Produce a word-for-word copy of the line that contains "Boys rinse fresh" and each line after it through the end of the material, omitting pictures and all other lines.

§ **Dataset section**:

+ + + + + + +

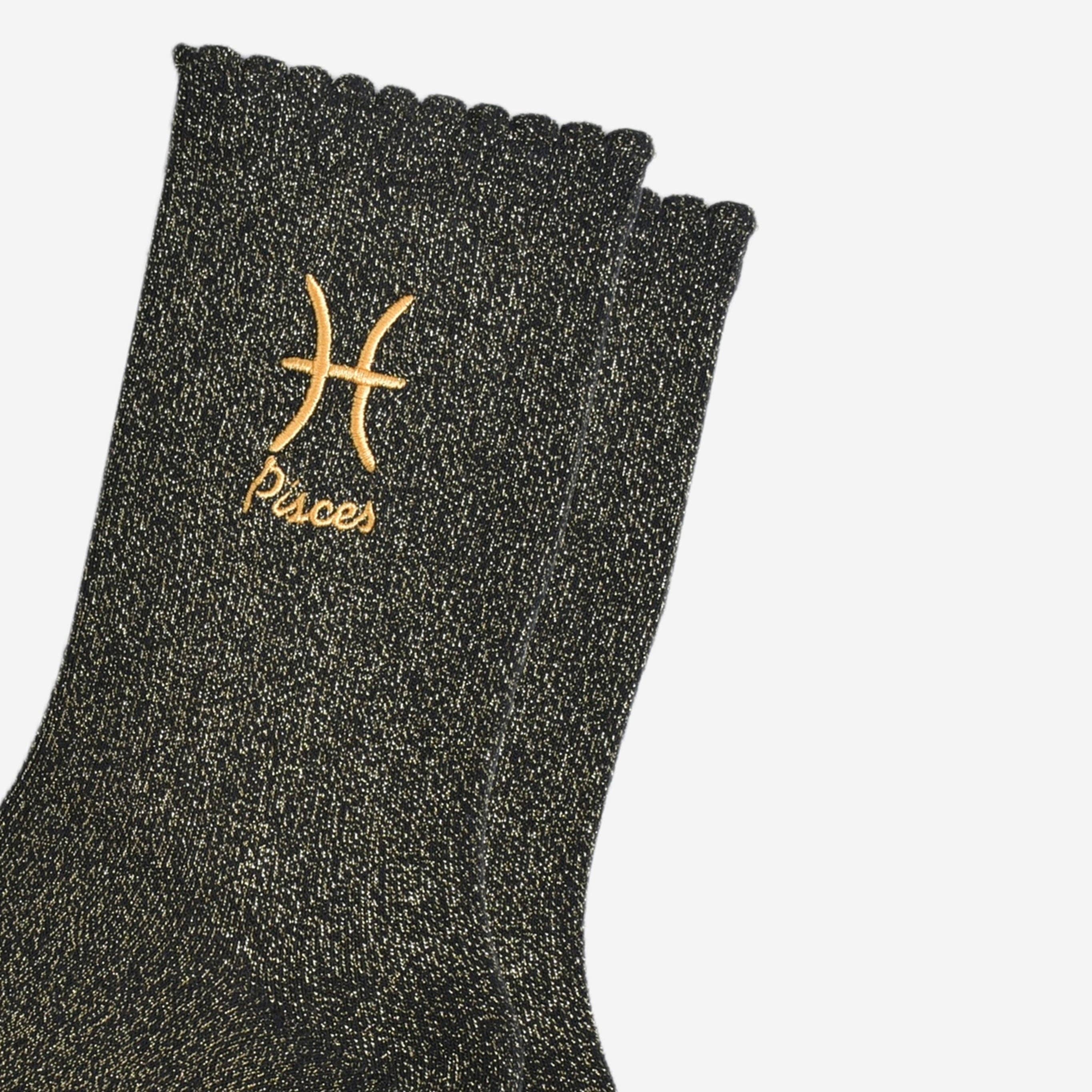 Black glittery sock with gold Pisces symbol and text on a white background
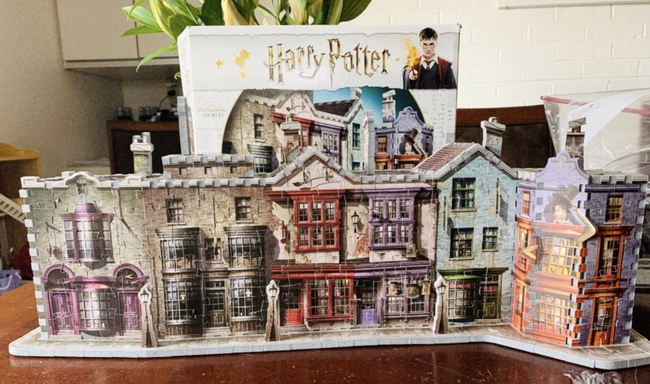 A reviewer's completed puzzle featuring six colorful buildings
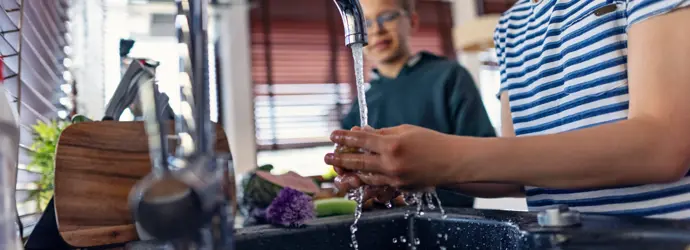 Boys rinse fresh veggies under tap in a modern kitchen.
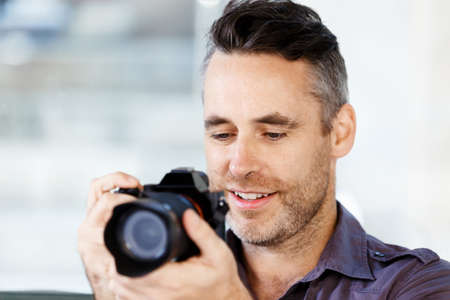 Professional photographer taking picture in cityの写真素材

+ + + + + + +

§ **Result below**:
 Boys rinse fresh veggies under tap in a modern kitchen.
 Professional photographer taking picture in cityの写真素材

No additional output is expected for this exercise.